Task requirements »
From the line that contains "GERLY RAMONA OCHOA" to the final line of the records below, print each line exactly and leave every picture out.

Dataset records:
====
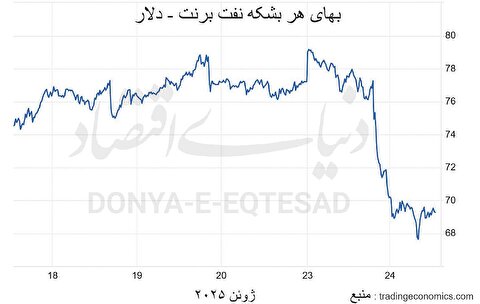 تخلیه ریسک از بازار نفت؟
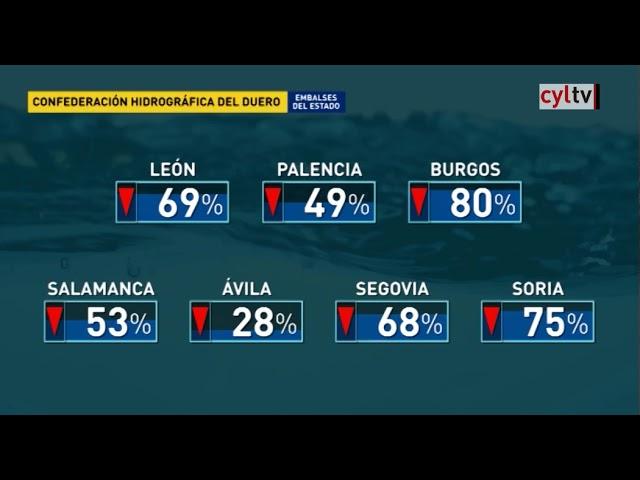 Esta es la situación de los embalses de la cuenca del Duero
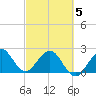 Port of Palm Beach tide chart for Wednesday, March 5, 2025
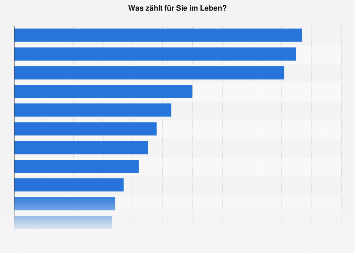 Lebensziele Finden Test Lebensziele Finden Test
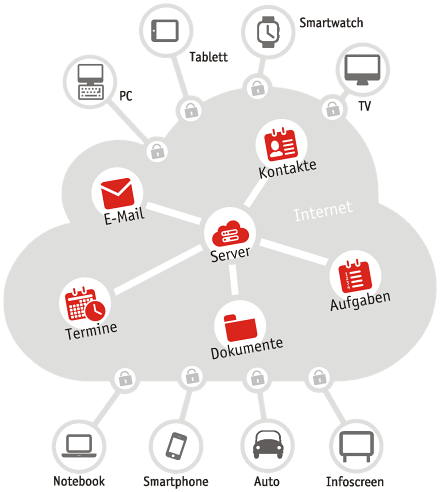 aipi Kommunikationsserver aipi Kommunikationsserver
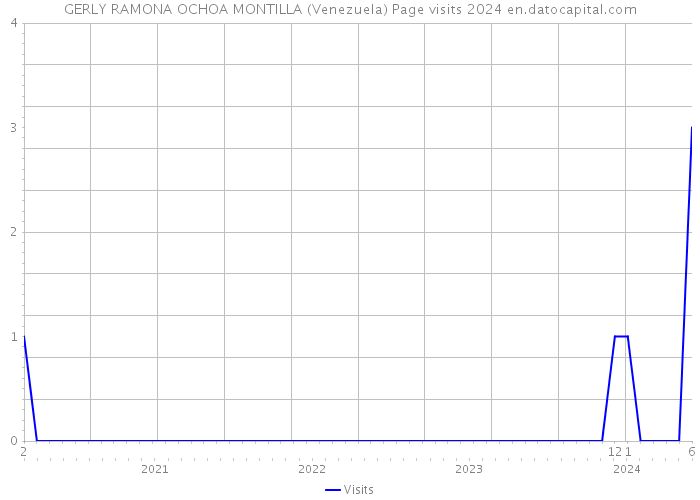 GERLY RAMONA OCHOA MONTILLA (Venezuela) Page visits 2024 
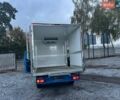 Сірий Рено Мастєр, об'ємом двигуна 2.3 л та пробігом 225 тис. км за 20950 $, фото 37 на Automoto.ua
====
Solution »
 GERLY RAMONA OCHOA MONTILLA (Venezuela) Page visits 2024 
 Сірий Рено Мастєр, об'ємом двигуна 2.3 л та пробігом 225 тис. км за 20950 $, фото 37 на Automoto.ua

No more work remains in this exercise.